You can create a token as follows:

  1. In the top right menu containing the account mail address, go to User settings.
  2. In the default Access tokens tab, Generate new token.
  3. Name your token and set Lifetime (days) parameter to empty.
  4. Create a JSON file with the following format.

2. Retrieve Your host

Your host or instance name can be found in your Databricks URL: https://<instance-name>.cloud.databricks.com or https://<instance-name>/.

3. Retrieve Your http_path

Your http_path can be found with the following steps. For more details, see the Databricks JDBC connection documentation.

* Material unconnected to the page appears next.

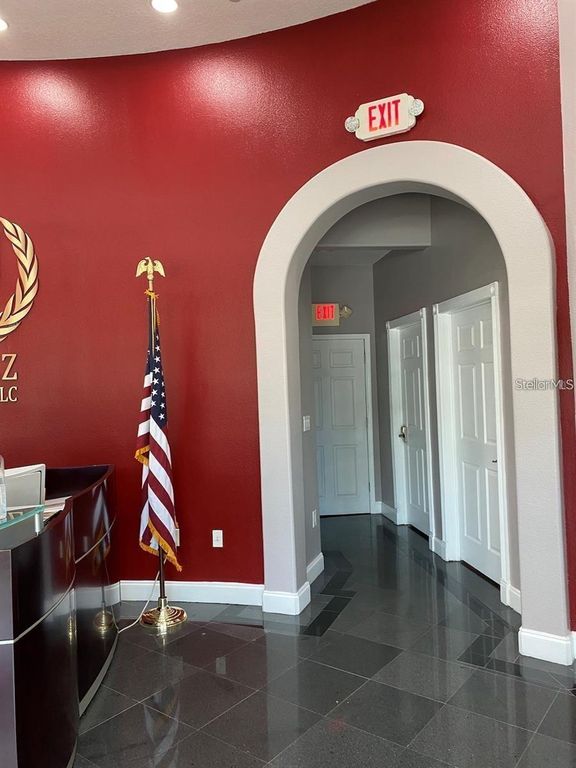 Image 9 of property listing at 8810 COMMODITY CIRCLE 27, Orlando, FL 32819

  1. Log in to your Databricks workspace.
  2. In the sidebar, click Compute.
  3. Choose a cluster to connect to.
  4. Navigate to Advanced Options.
  5. Click on the JDBC/ODBC tab.
  6. Copy the http_path.

4. Enable the system_tables

To enable the system_tables, you can follow the Databricks system tables documentation.

5. Credentials

Your credentials should look like the following:

{
"token": "<your-token>",
"host": "<your-server-hostname>",
"http_path": "sql/protocolv1/o/xxxxxx"
}

Add User Connection Info Into Catalog

Paste your JSON file on your integration page.

  1. Add Databricks
Add Databricks integration
  1. Pick Catalog Managed and name your integration (should you have several ones).
  2. Paste your JSON in the Credentials window.
Databricks credentials window

For your first sync, it will take up to 48 h and we will let you know when it is complete.